### Task statement
Pictures must not appear in the copy. Restate exactly the lines below from the one with "Men's Winter Jacket" through the one with "Amazon Essentials Long", inclusive.

### Records shown

-- Opening Marker --

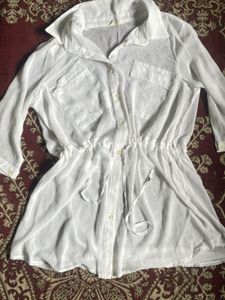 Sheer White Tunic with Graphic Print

-- Closing Marker --
-- Opening Marker --

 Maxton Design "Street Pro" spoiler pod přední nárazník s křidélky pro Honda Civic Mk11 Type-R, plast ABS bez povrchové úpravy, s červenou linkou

-- Closing Marker --
-- Opening Marker --

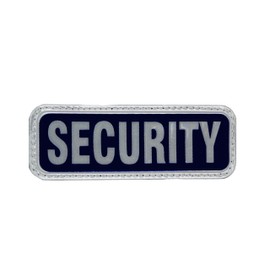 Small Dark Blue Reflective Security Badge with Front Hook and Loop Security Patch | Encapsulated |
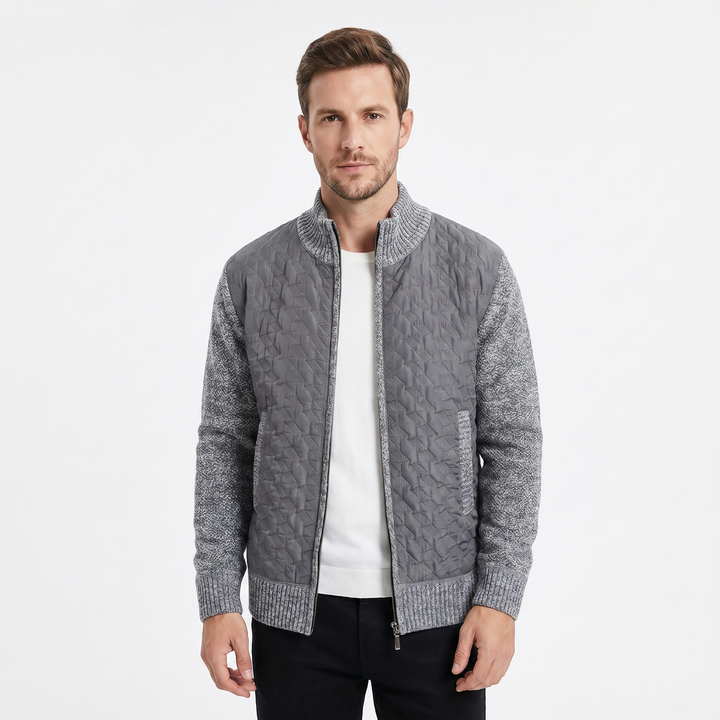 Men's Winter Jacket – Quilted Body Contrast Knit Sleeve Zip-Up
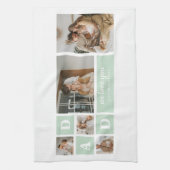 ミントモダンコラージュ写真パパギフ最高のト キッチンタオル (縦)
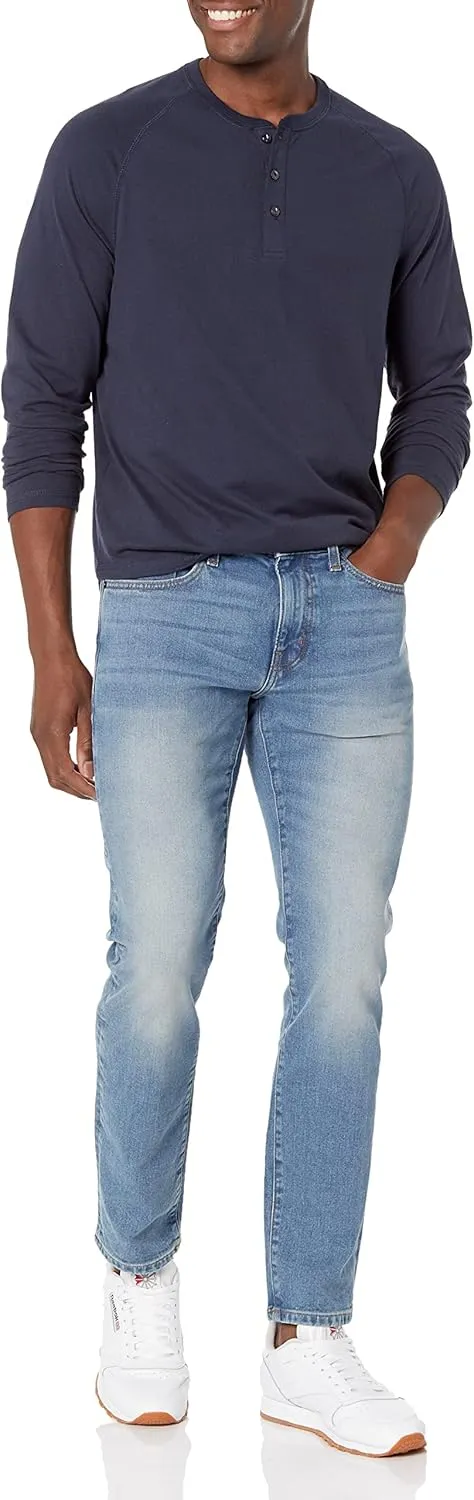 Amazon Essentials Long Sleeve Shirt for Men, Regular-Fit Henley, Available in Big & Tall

-- Closing Marker --

### The completed task
 Men's Winter Jacket – Quilted Body Contrast Knit Sleeve Zip-Up
 ミントモダンコラージュ写真パパギフ最高のト キッチンタオル (縦)
 Amazon Essentials Long Sleeve Shirt for Men, Regular-Fit Henley, Available in Big & Tall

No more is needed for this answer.